WHAT NEEDS TO BE DONE: Return each entry below word for word, leaving out any image.

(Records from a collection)

***

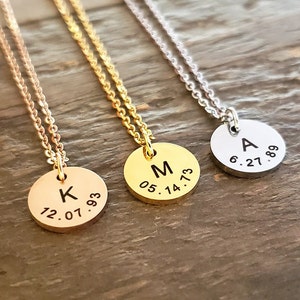 Collar de disco de oro rosa con grabado inicial de acero inoxidable de alta calidad personalizado, collar con letra de fecha y nombre personalizado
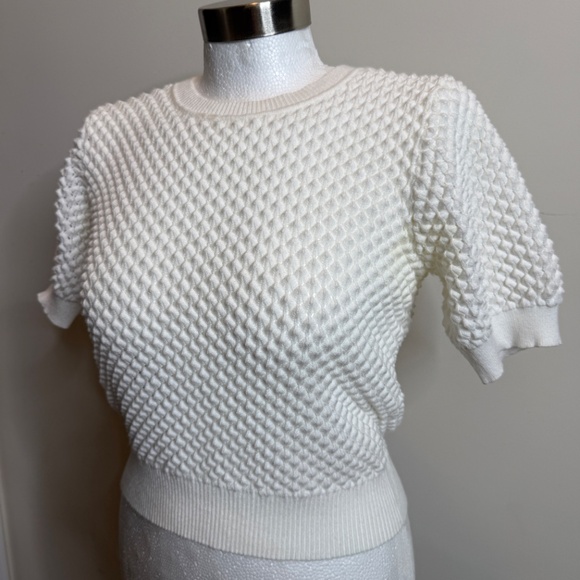 White top - Picture 3 of 5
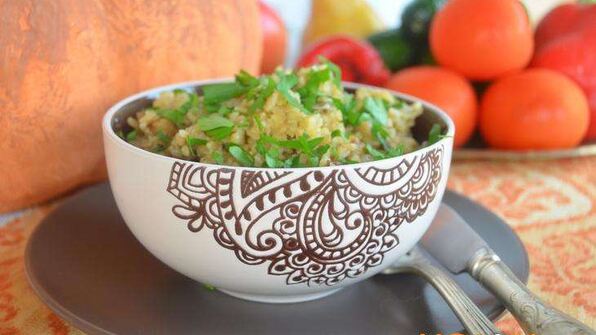 пилав из булгура с баклажанами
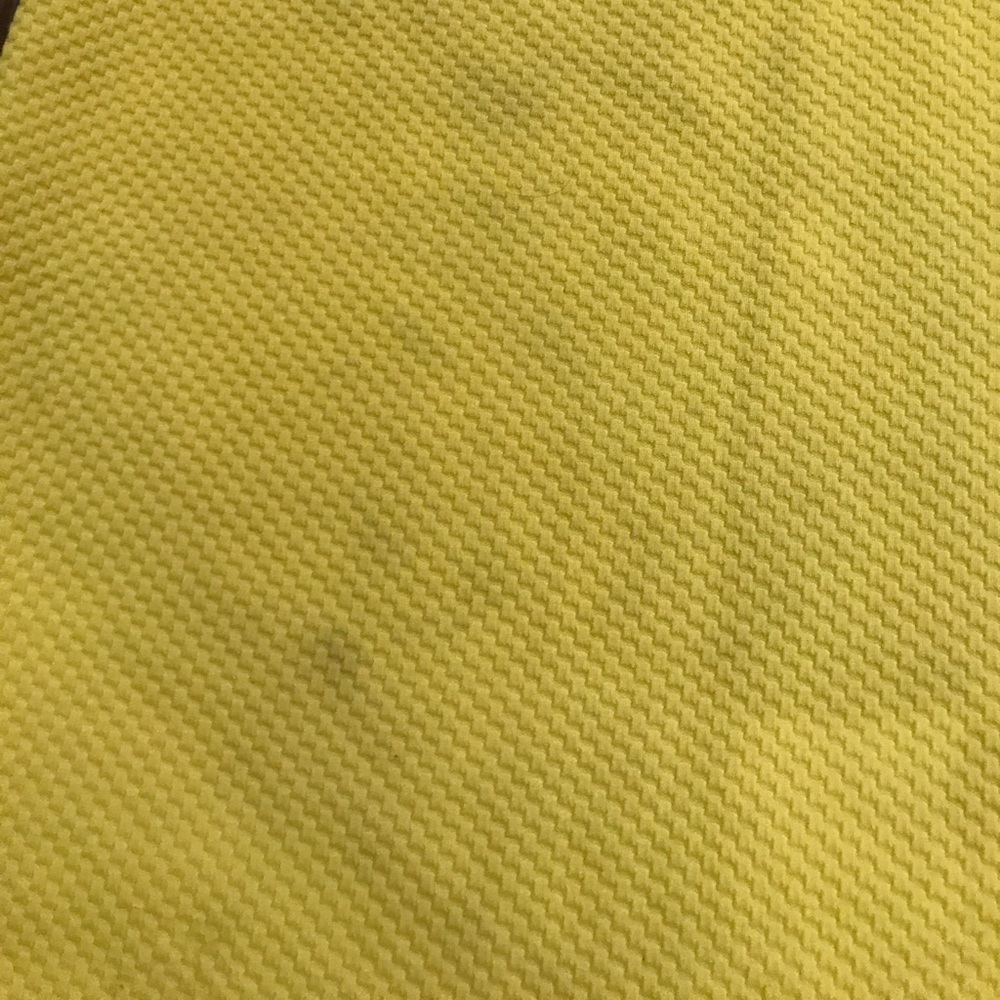 🌸🌺Bright Yellow Two piece - Picture 3 of 6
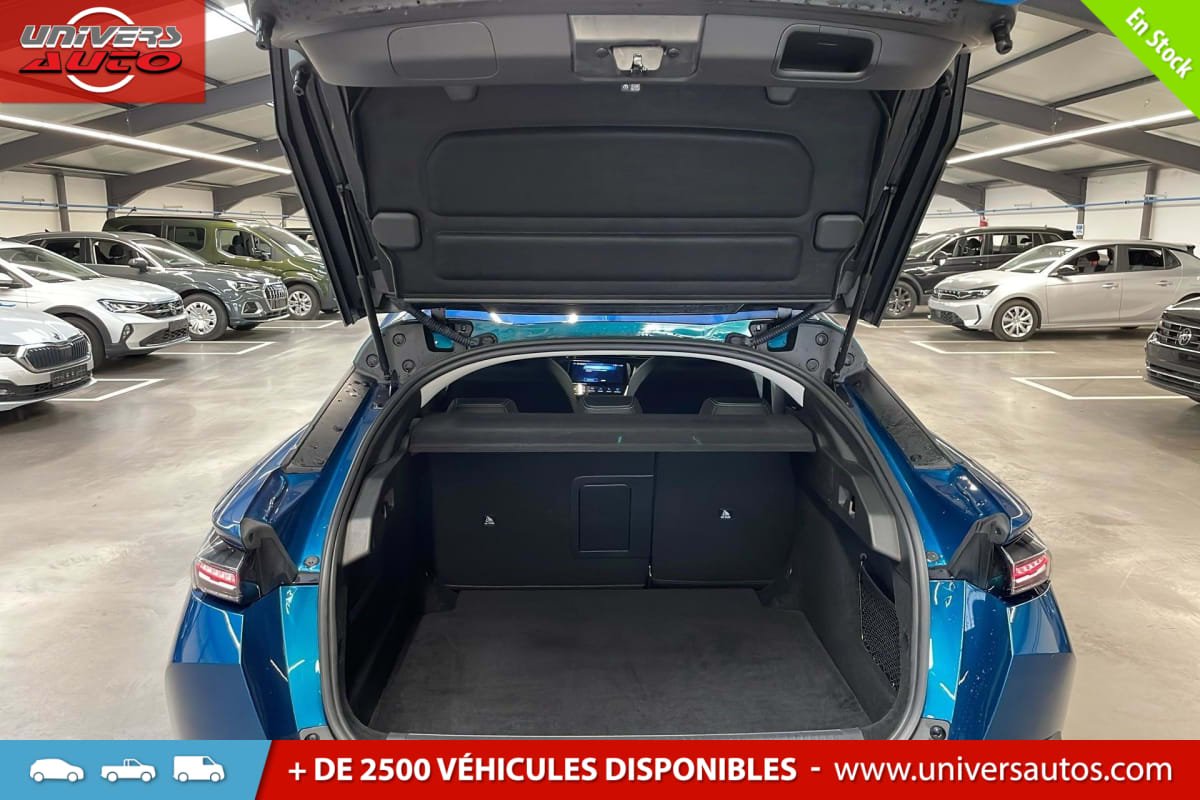 Peugeot 408 - Photo 11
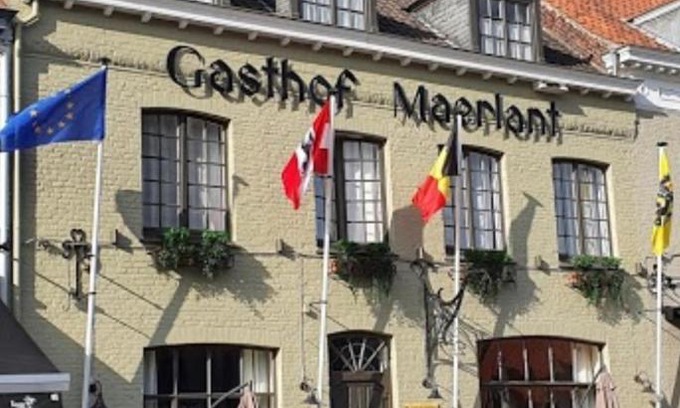 Damme Lit Et Petit-Déjeuner | Gasthof Maerlant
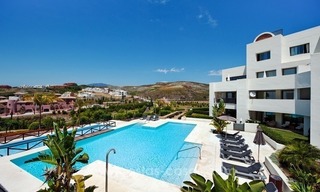 Luxury frontline golf modern penthouse apartment for sale in a 5*golf resort in Benahavis - Marbella 21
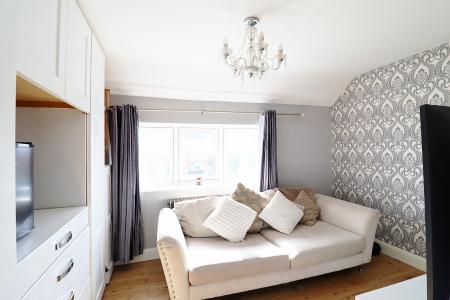 5 bedroom Semi-detached house for sale in Hambledown Road, Bexley, Sidcup, DA15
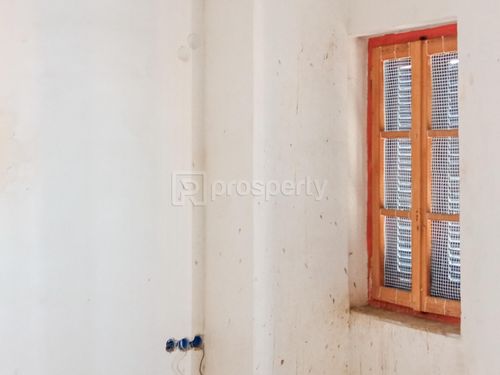 secondary image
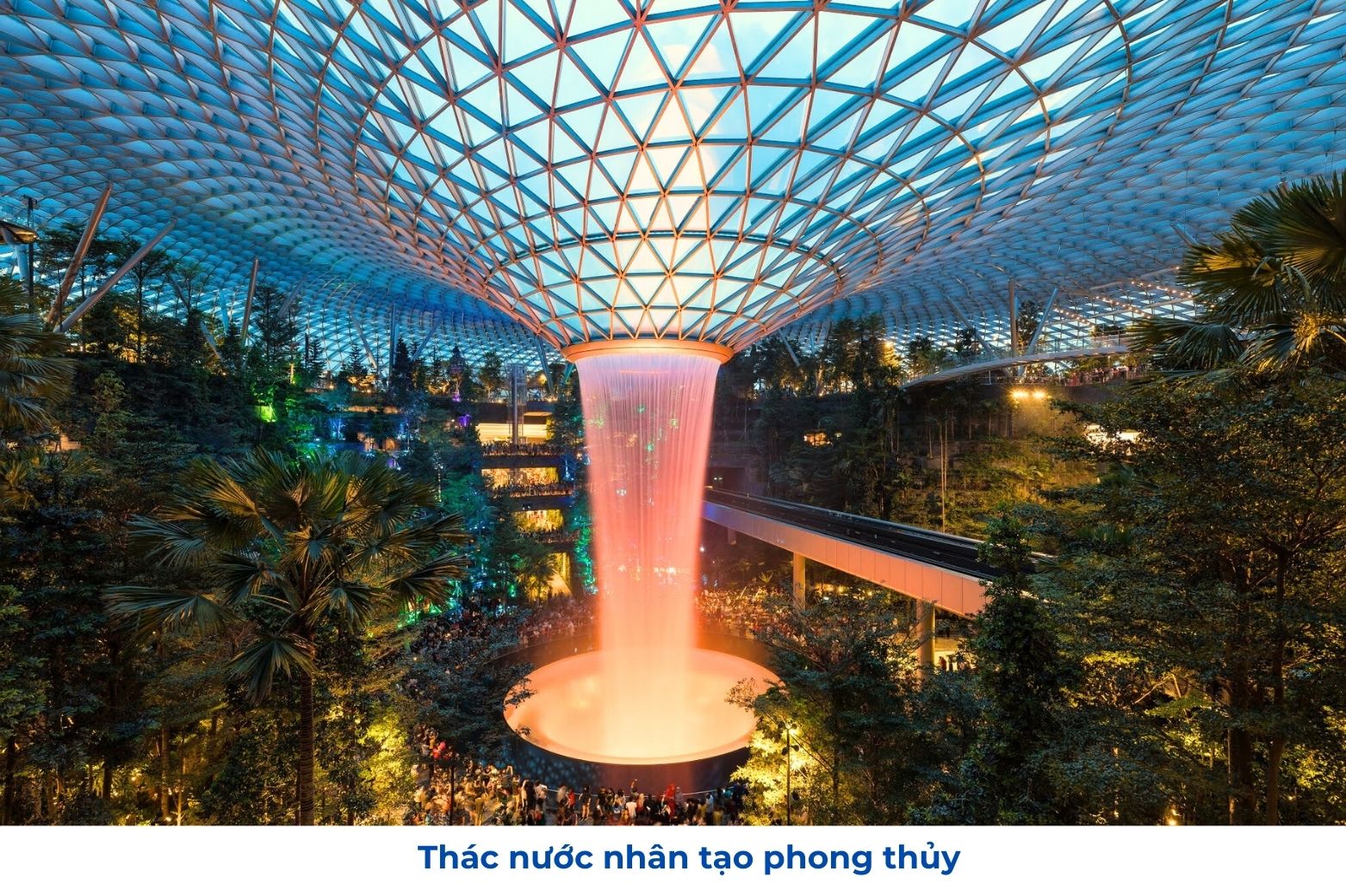 Thác nước Phong Thủy Jewel Sân Bay Singapore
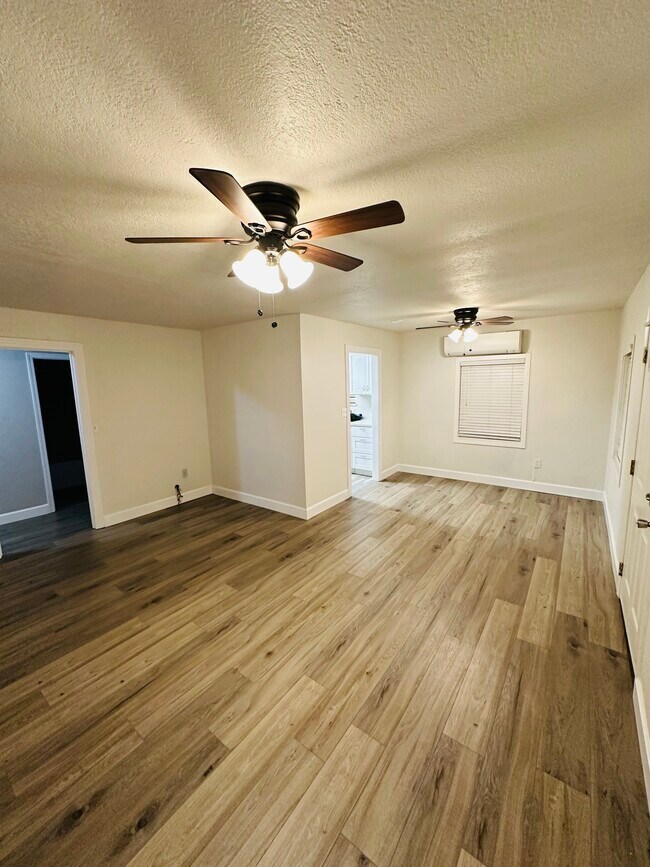 Foto del edificio - 1274 N Cedar St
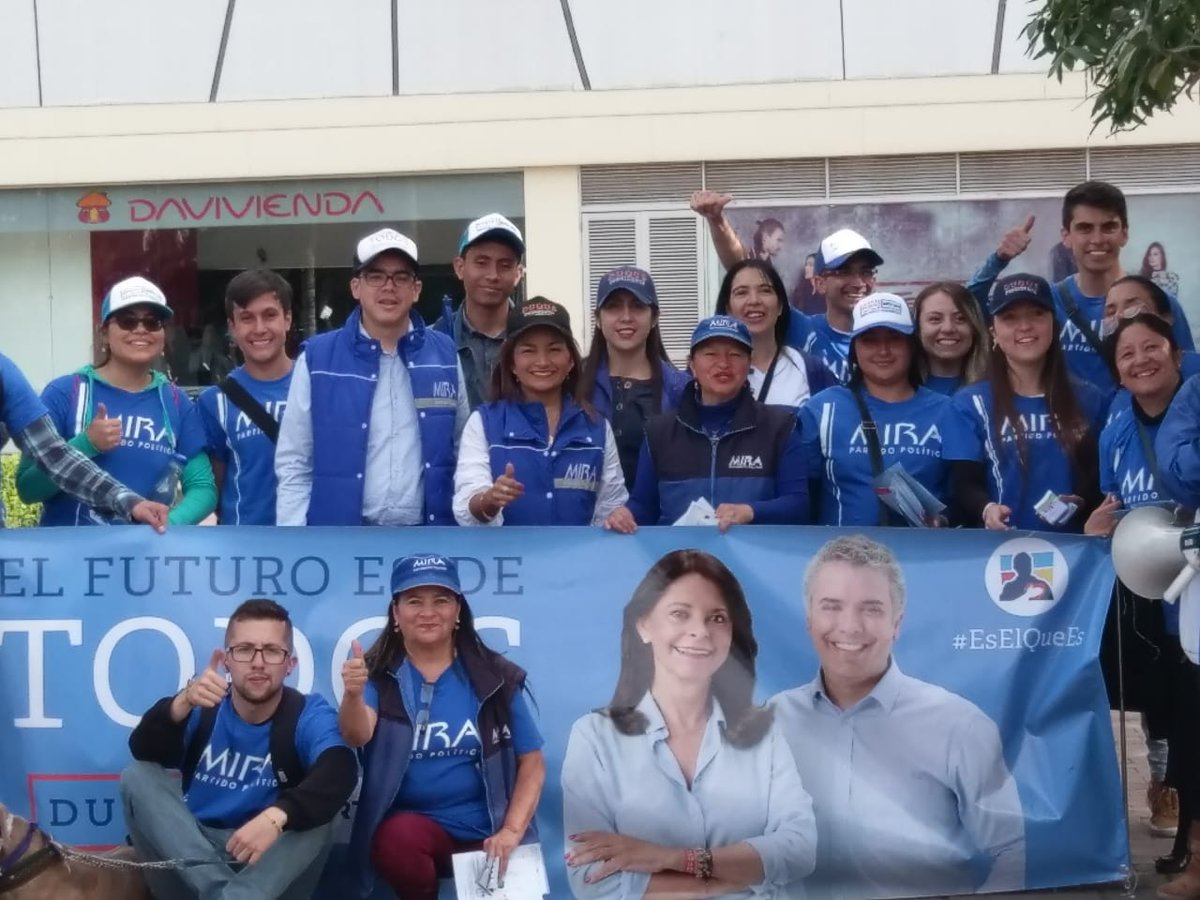 irmalherrera's tweet photo. #DuqueMeConvenció por su juventud, disciplina y lenguaje conciliador y de consensos. Además por @mluciaramirez su excelente fórmula vicepresidencial. Hoy desde @DiverplazaCC continuamos campaña para segunda vuelta @IvanDuque @Baena @FPuentess @ZipaconPaola https://t.co/0szkxbXMUX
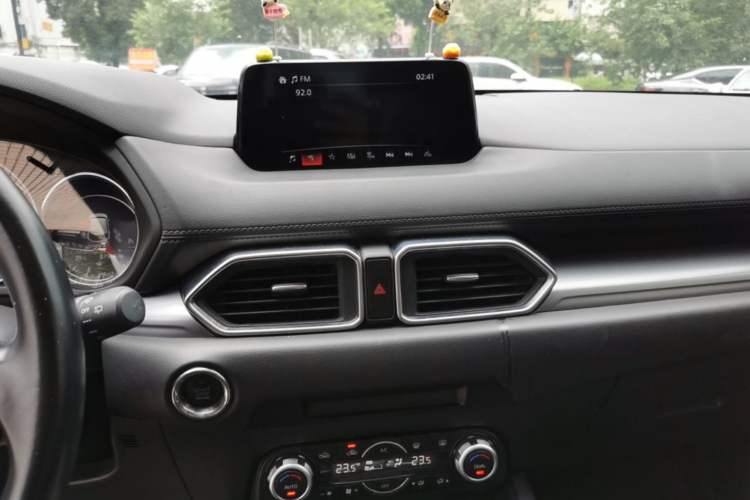 Used Mazda CX-5 2021 2.0L Automatic Two-Wheel Drive Smart Version Audio And AC Panel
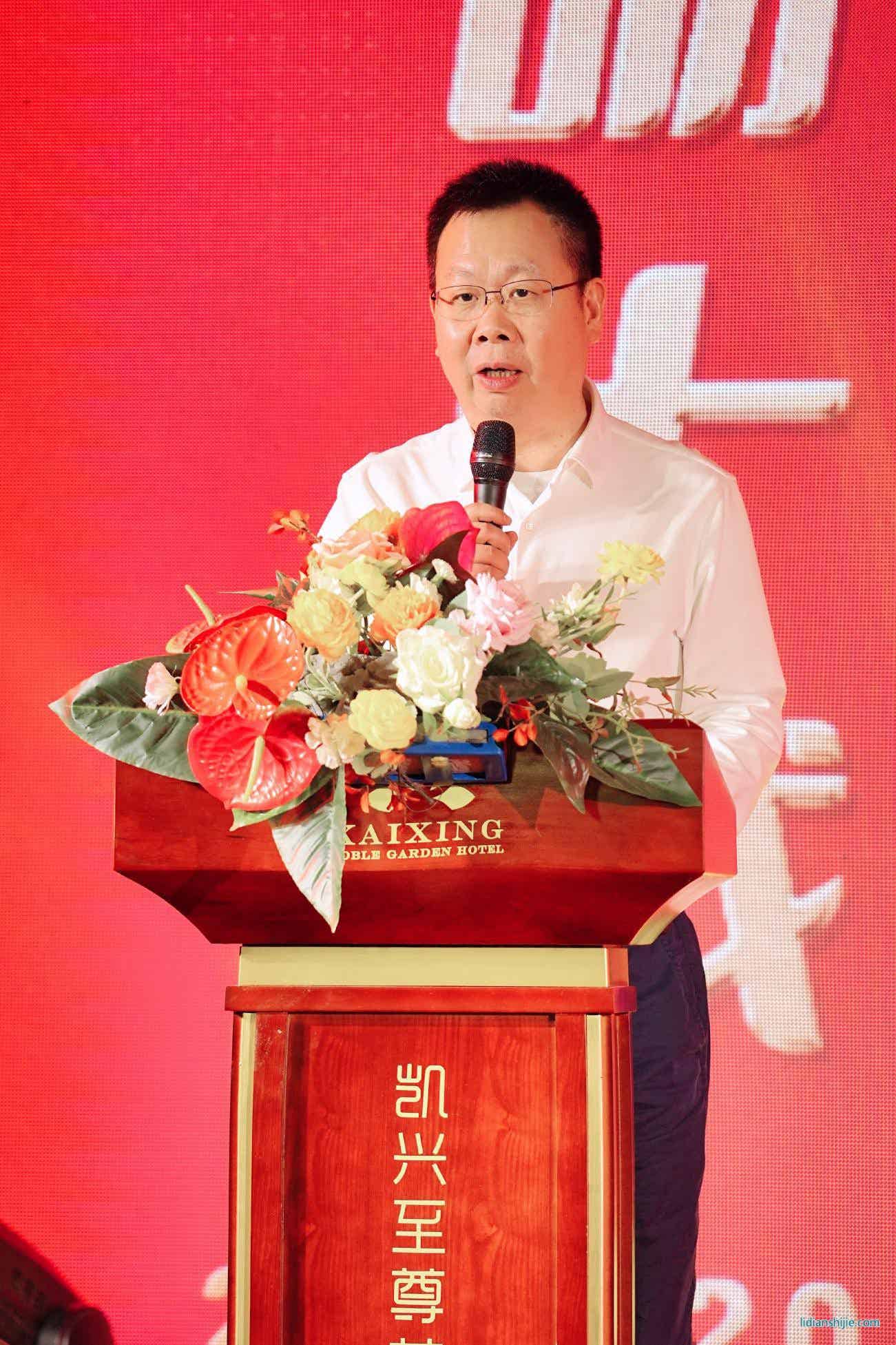 法恩萊特董事長石俊峰 法恩萊特董事長石俊峰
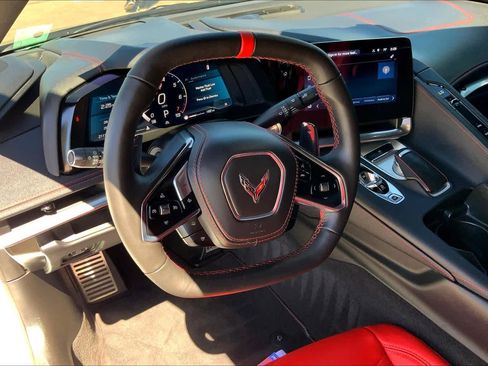 Used 2025 Chevrolet Corvette Stingray Coupe w/ 1LT image 5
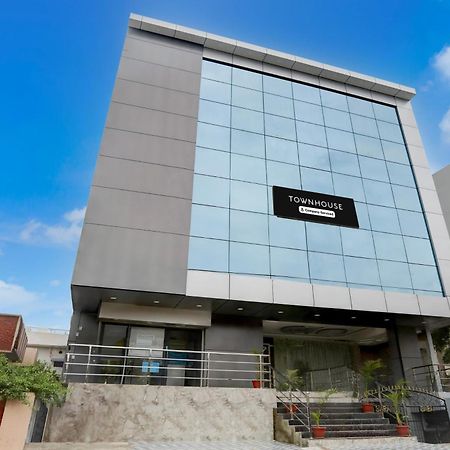 Super Townhouse Khammam Formerly Bluemoon Exterior photo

***

RESULT BELOW:
 Collar de disco de oro rosa con grabado inicial de acero inoxidable de alta calidad personalizado, collar con letra de fecha y nombre personalizado
 White top - Picture 3 of 5
 пилав из булгура с баклажанами
 🌸🌺Bright Yellow Two piece - Picture 3 of 6
 Peugeot 408 - Photo 11
 Damme Lit Et Petit-Déjeuner | Gasthof Maerlant
 Luxury frontline golf modern penthouse apartment for sale in a 5*golf resort in Benahavis - Marbella 21
 5 bedroom Semi-detached house for sale in Hambledown Road, Bexley, Sidcup, DA15
 secondary image
 Thác nước Phong Thủy Jewel Sân Bay Singapore
 Foto del edificio - 1274 N Cedar St
 irmalherrera's tweet photo. #DuqueMeConvenció por su juventud, disciplina y lenguaje conciliador y de consensos. Además por @mluciaramirez su excelente fórmula vicepresidencial. Hoy desde @DiverplazaCC continuamos campaña para segunda vuelta @IvanDuque @Baena @FPuentess @ZipaconPaola https://t.co/0szkxbXMUX
 Used Mazda CX-5 2021 2.0L Automatic Two-Wheel Drive Smart Version Audio And AC Panel
 法恩萊特董事長石俊峰 法恩萊特董事長石俊峰
 Used 2025 Chevrolet Corvette Stingray Coupe w/ 1LT image 5
 Super Townhouse Khammam Formerly Bluemoon Exterior photo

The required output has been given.